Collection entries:
****************************************

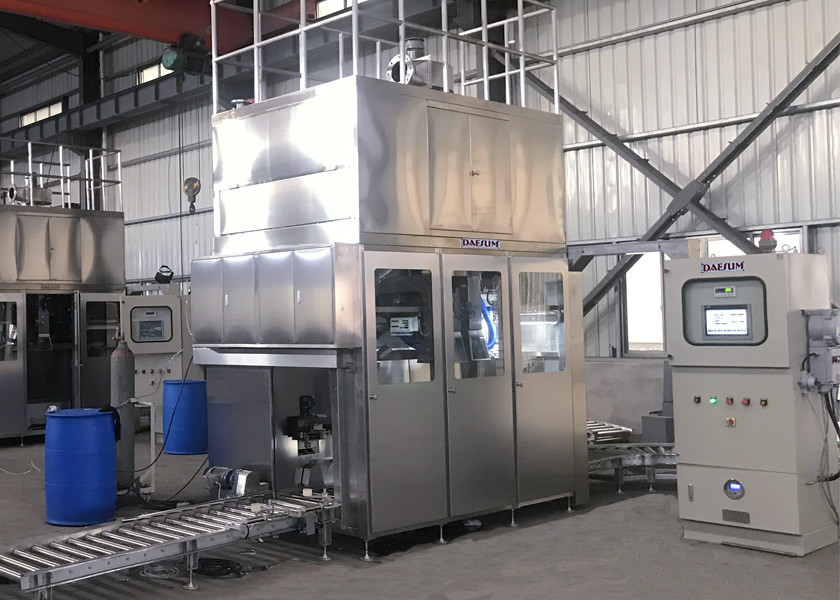 One-Nozzle 200L Fully Automatic Drum Filling Machine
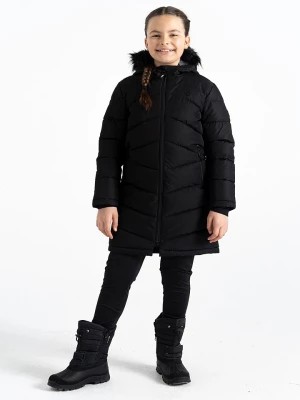 Zdjęcie produktu Dare 2b Płaszcz pikowany "Girl Striking III" w kolorze czarnym rozmiar: 152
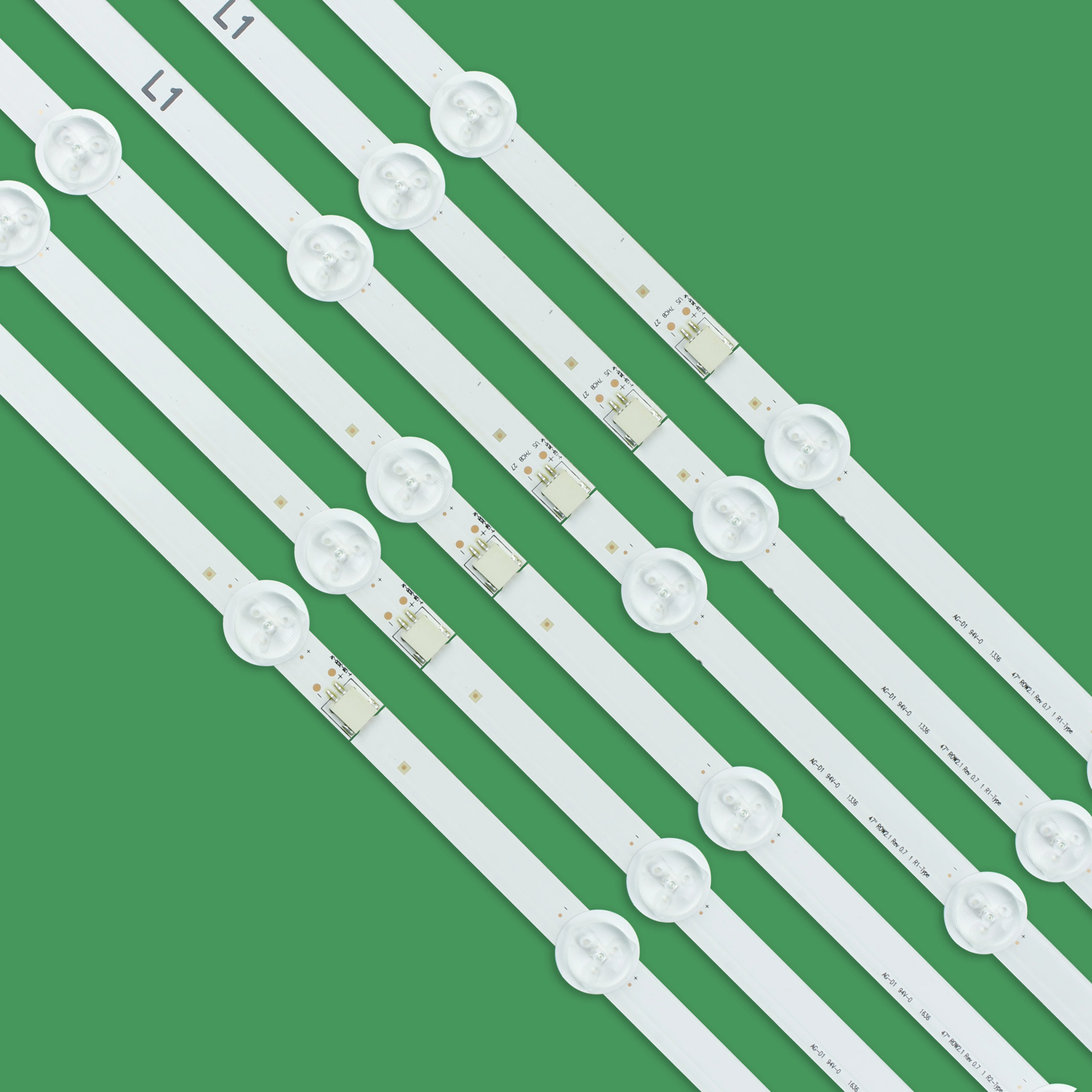 Светодиодный фонарь 94 см с подсветкой 9 светодиодных лент для LG 47LN610V-ZB 47LN6138-ZB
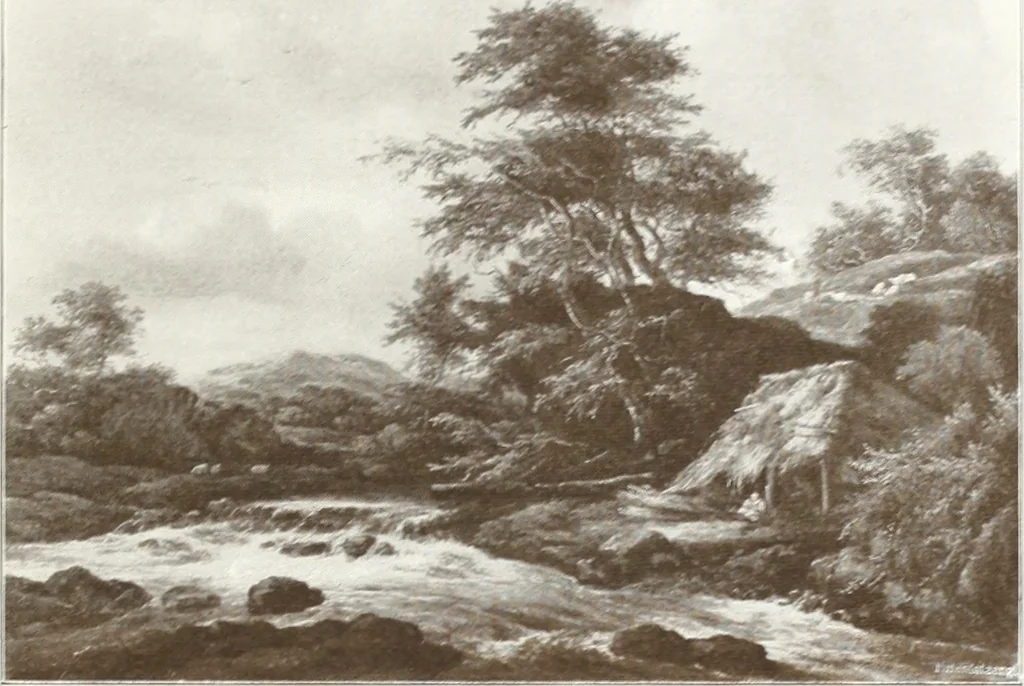 An illustration from Illustrated catalogue of 300 paintings by old masters of the Dutch, Flemish, Italian, French and English schools : being some of the part principal pictures which have at various times formed part of the Sedelmeyer Gallery, 1898, leaf 232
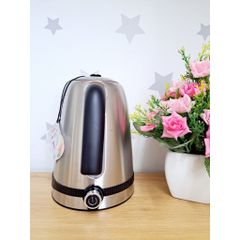 Ấm Siêu Tốc Unie UEK1761S 1,7L 2200W - Màn Hình LED Hiển Thị Nhiệt Độ, Chất Liệu Inox An Toàn, Thiết Kế Hiện Đại, Bảo Hành 1 Năm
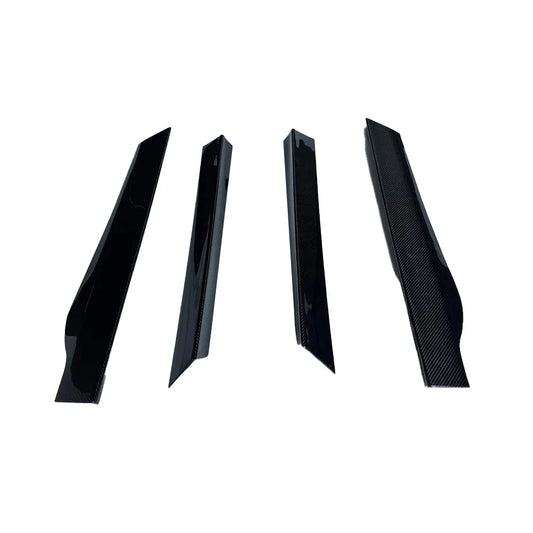 (2020–2024) McLaren GT Dry Carbon Fiber Side Skirts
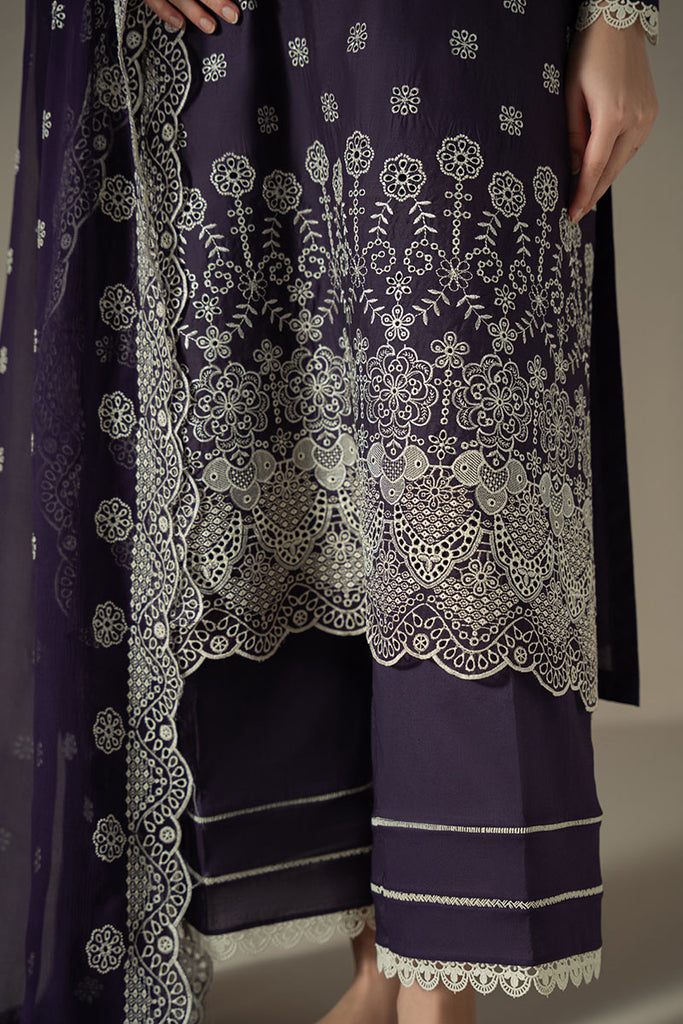 Cross Stitch C/Kari Lawn`25 D#04 INDIGO ROYAL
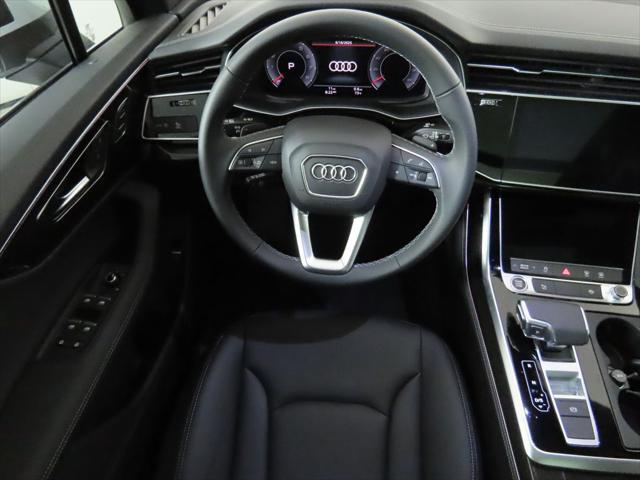 used 2025 Audi Q7 car, priced at $72,220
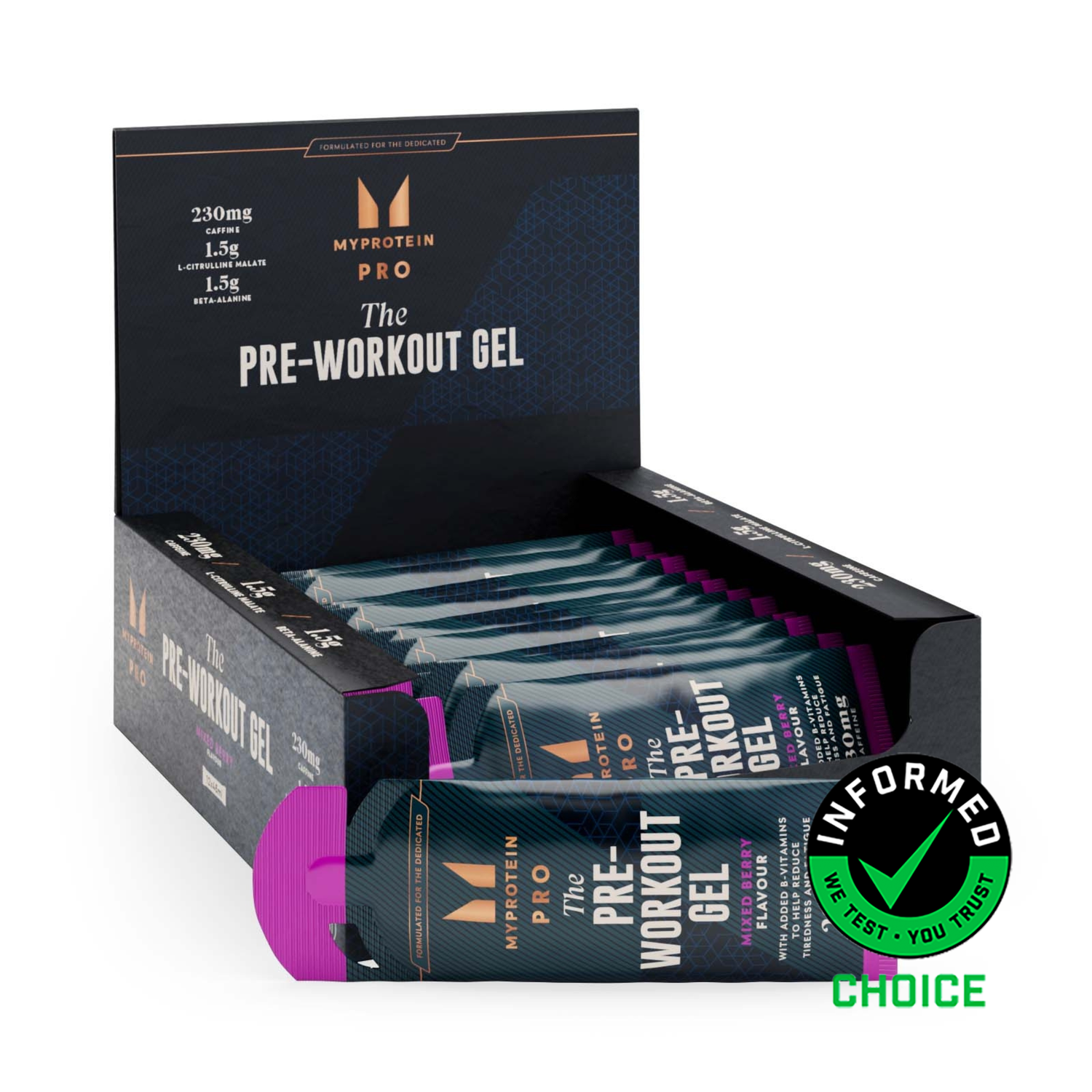 THE Pre Workout Gel THE Pre Workout Gel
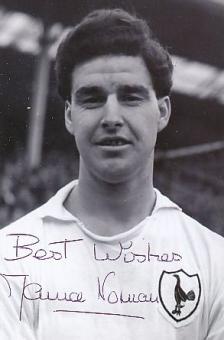 Maurice Norman † 2022  Tottenham Hotspur   Fußball Autogramm Foto original signiert 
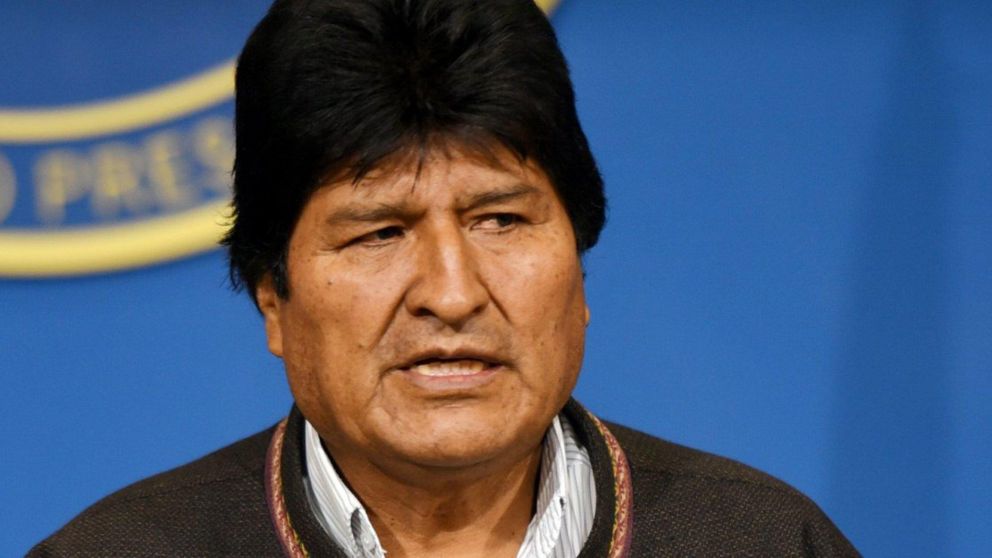 La defensa de Morales había anticipado que su cliente no asistiría a la sede judicial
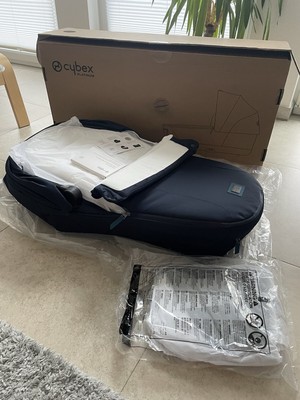 cybex priam lux carry cot dark navy new generation Babywanne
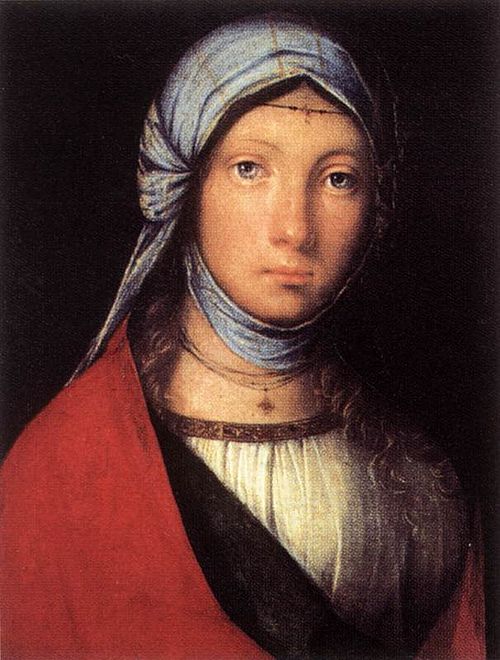 Boccace Boccaccino : jeune gitane (vers 1504-1505)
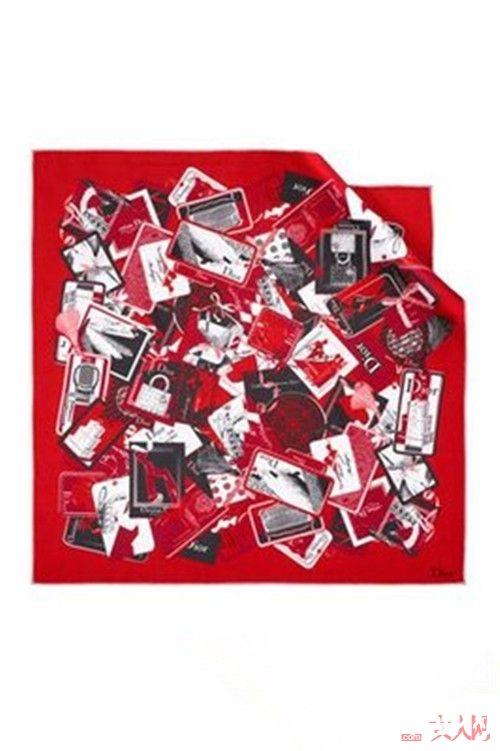 迪奥塔罗牌丝巾简介_不管南方北方春天到没到 有了这些春季单品你的春天就到了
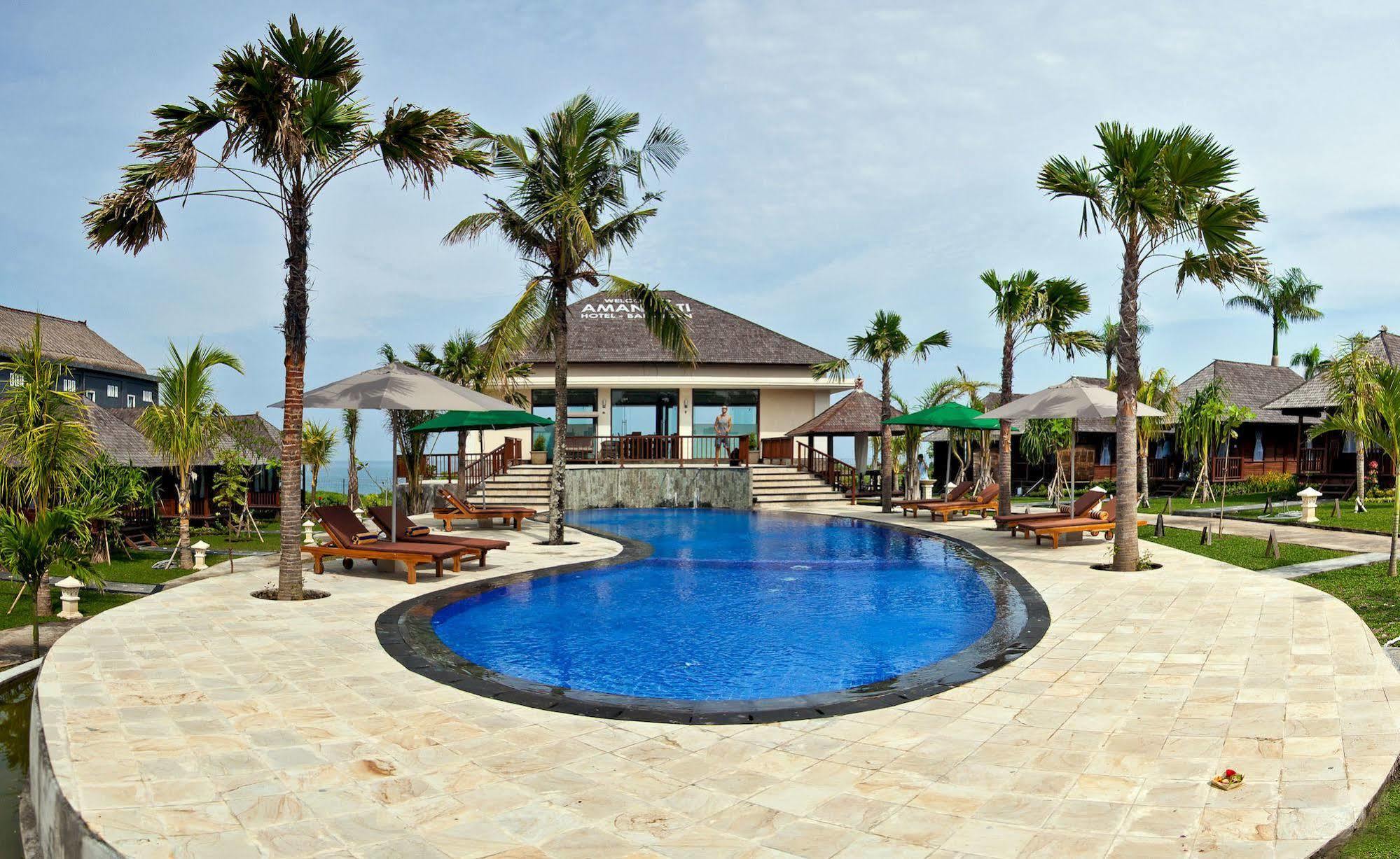 Aman Gati Balangan Hotel Pecatu Buitenkant foto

****************************************

- [AIM OF THE EXERCISE]: Repeat each record verbatim, pictures excluded.

- [THE COMPLETED TASK]:
 One-Nozzle 200L Fully Automatic Drum Filling Machine
 Zdjęcie produktu Dare 2b Płaszcz pikowany "Girl Striking III" w kolorze czarnym rozmiar: 152
 Светодиодный фонарь 94 см с подсветкой 9 светодиодных лент для LG 47LN610V-ZB 47LN6138-ZB
 An illustration from Illustrated catalogue of 300 paintings by old masters of the Dutch, Flemish, Italian, French and English schools : being some of the part principal pictures which have at various times formed part of the Sedelmeyer Gallery, 1898, leaf 232
 Ấm Siêu Tốc Unie UEK1761S 1,7L 2200W - Màn Hình LED Hiển Thị Nhiệt Độ, Chất Liệu Inox An Toàn, Thiết Kế Hiện Đại, Bảo Hành 1 Năm
 (2020–2024) McLaren GT Dry Carbon Fiber Side Skirts
 Cross Stitch C/Kari Lawn`25 D#04 INDIGO ROYAL
 used 2025 Audi Q7 car, priced at $72,220
 THE Pre Workout Gel THE Pre Workout Gel
 Maurice Norman † 2022  Tottenham Hotspur   Fußball Autogramm Foto original signiert 
 La defensa de Morales había anticipado que su cliente no asistiría a la sede judicial
 cybex priam lux carry cot dark navy new generation Babywanne
 Boccace Boccaccino : jeune gitane (vers 1504-1505)
 迪奥塔罗牌丝巾简介_不管南方北方春天到没到 有了这些春季单品你的春天就到了
 Aman Gati Balangan Hotel Pecatu Buitenkant foto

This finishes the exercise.